You won't receive depreciation after it was no longer a rental (in 2024), however you will still need to address the depreciation recapture.
It will be a little tricky at that point since when the property is sold, you will need to estimate how much of the sales proceeds go against the basis you reported when the rental was placed in service.
In other words, say you purchased and placed the building in service with a basis of 100,000.
Say the depreciation taken (or could have been taken) is 25,000.
Now the "Adjusted Basis" is 75,000.
If it's sold for 250,000, you would have 25,000 depreciation recapture (Ordinary Income) and 150,000 Capital Gain.
Same example, but in 2024 you spend 5,000 to clean and paint and 15,000 on a new roof and 7,000 on landscaping that all died.
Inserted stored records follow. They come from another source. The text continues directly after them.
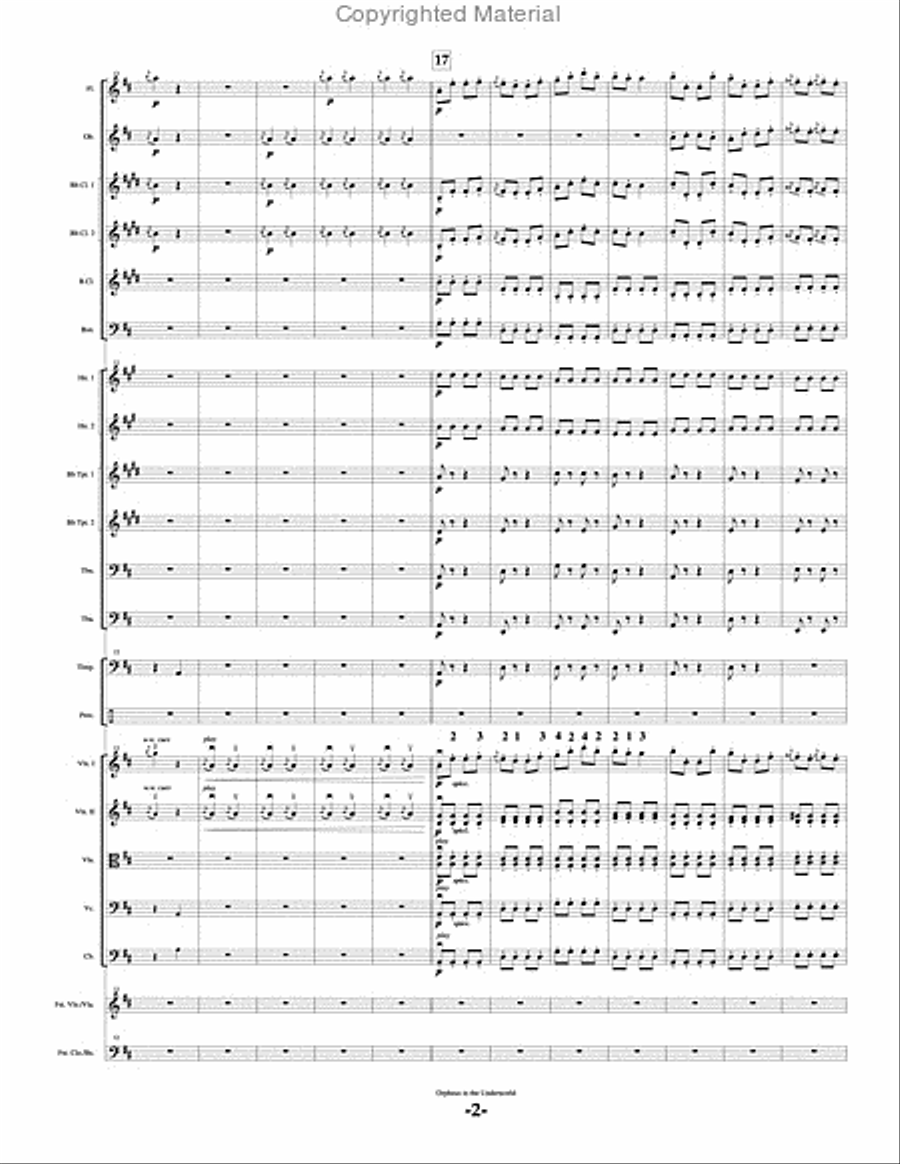 Overture from 'Orpheus in the Underworld' (score & parts) String Orchestra scores gallery preview page 3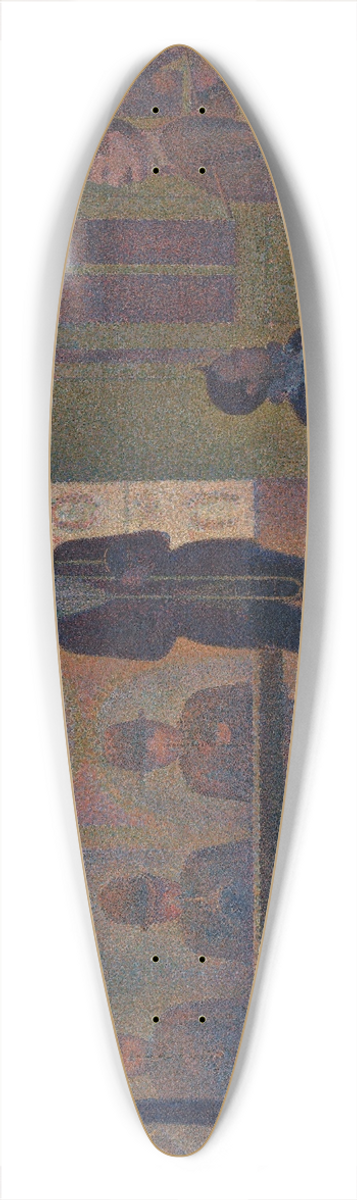Georges Seurat - Circus Sideshow (Parade de cirque) 39.3 inch art pintail longboard deck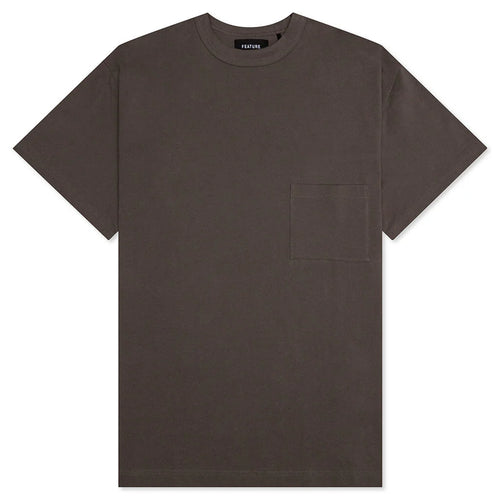 Jersey Braque Pocket Tee Chocolate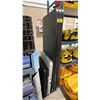 Image 2 : 3 BLACK PLASTIC 6' FOLDING TABLES, BLACK PLASTIC 4' HALF FOLD TABLE, & WHITE PLASTIC 6' HALF FOLD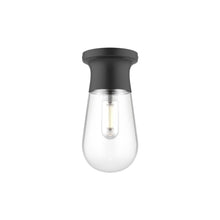 Load image into Gallery viewer, Marcel Semi Flush Mount Ceiling Light in Matte Black.
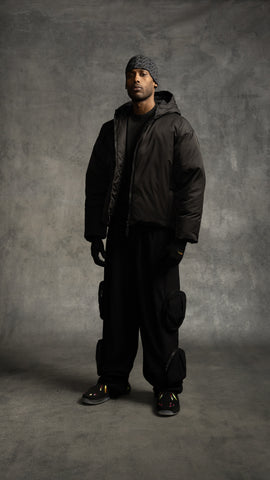 EXO HOODED PUFFER - Image 1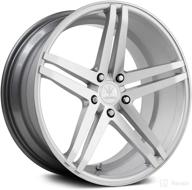 🏎️ verde wheels v39 parallax matte silver/machined wheel 19x8.5 (5x120mm, +15mm offset) - sleek design with superior performance logo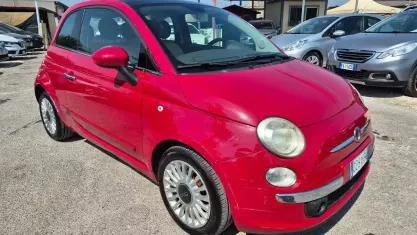 Usata Fiat 500 Lounge 69 CV (50 kW) 2010 Rosso Berlina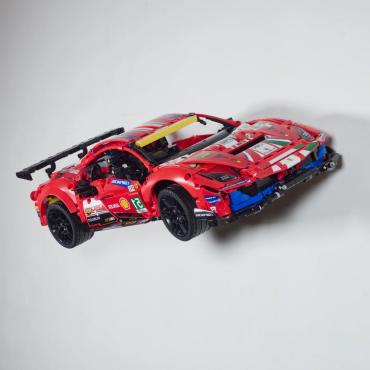 Vægophæng Technic 42125 Ferrari 488 GTE vandret (sort)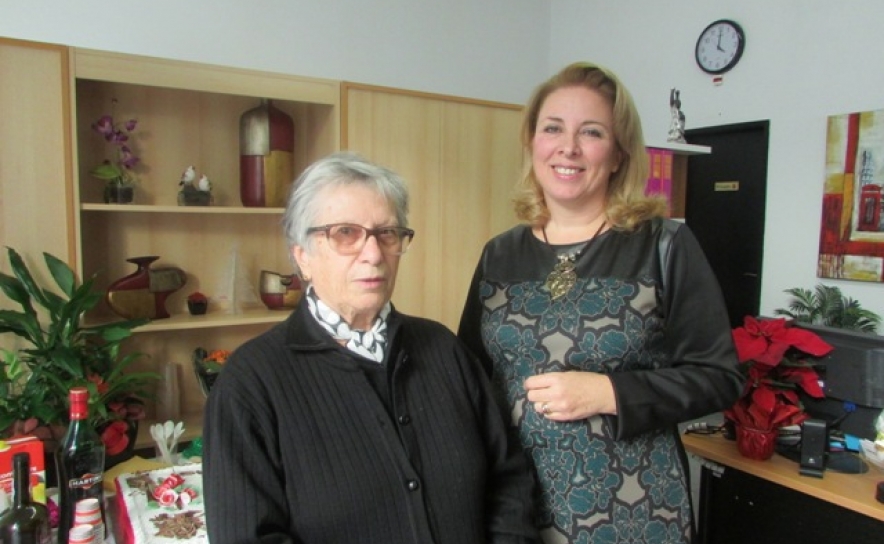 Dir. Nathalie Dias e D. Maria Antónia Rocheta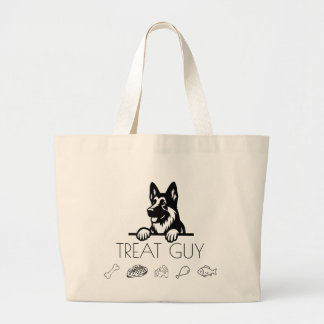 Duitse Herdershond "Treat Guy" Grote Tote Bag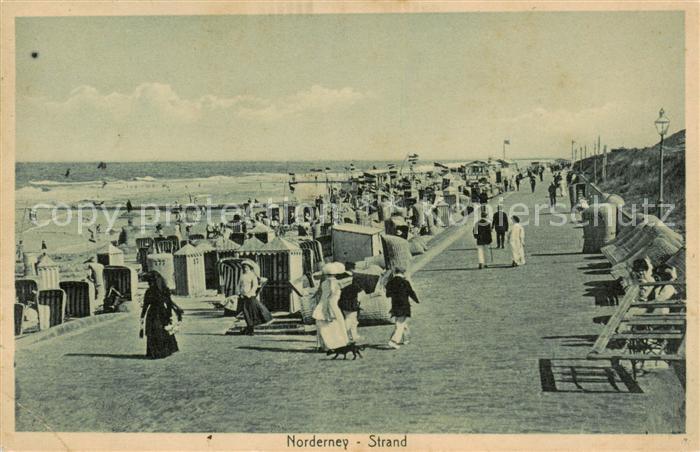Norderney Nordseebad Strandpartie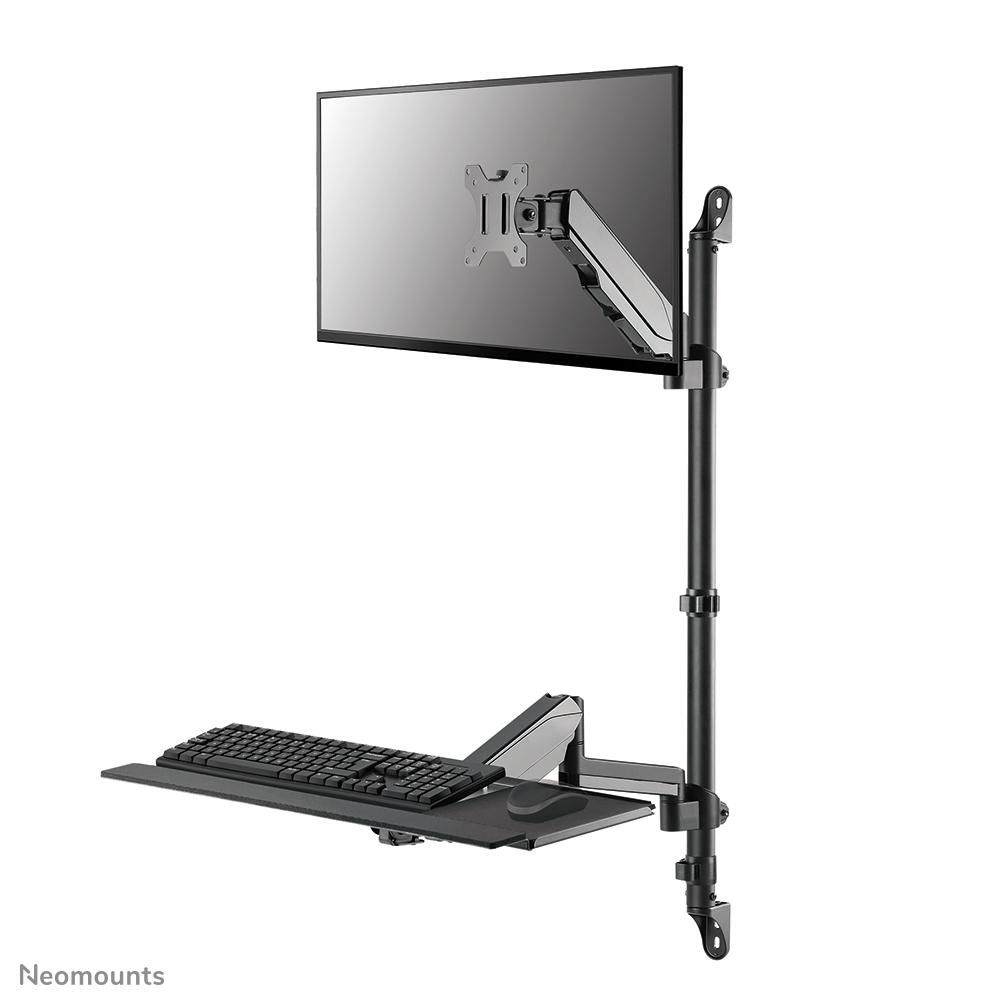 17-23 inch - Sit-Stand Workstation - Screen/Mouse/Keyboard - Full Motion - Wall Mounted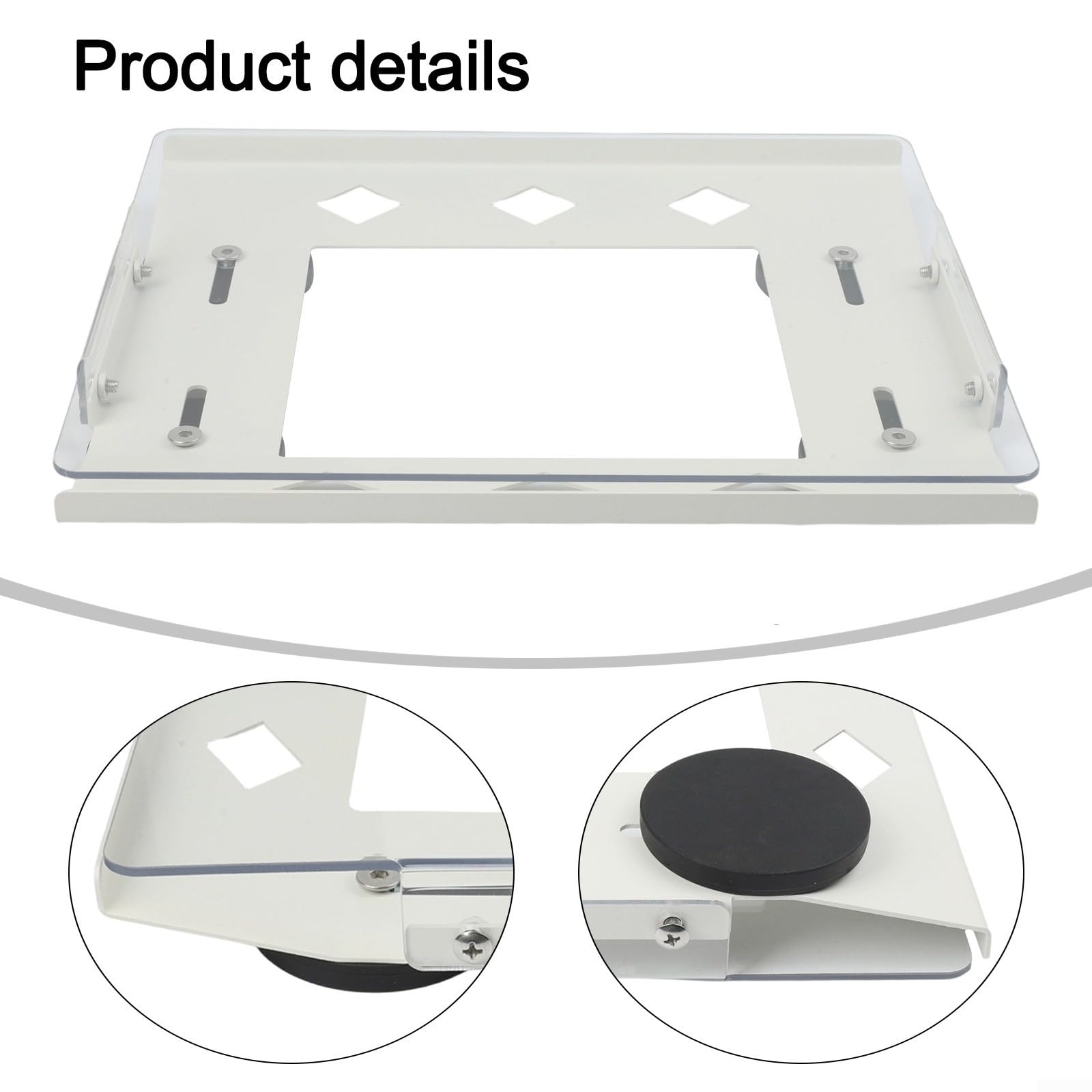 Support Toit pour starlink pour mini Magnétique Rapide Support(White)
If it's sold for 250,000 you will still have 25,000 depreciation recapture, but the Capital Gain will be a little harder to figure.
Do you add the roof to the basis of the house? Can't add cleaning and paint since that does not increase the value and the landscaping all died. So if the new adjusted basis is 90,000, you'll have 25,000 depreciation recapture and135,000 Capital gain. 12,000 for the cleaning, painting and landscaping that died would be lost because those things did not add to the value of the house from when it was first placed in service.
It is a bit complicated. Expenses (like maintenance) paid for a building that is not available for rent are lost. Make sure you keep good receipts.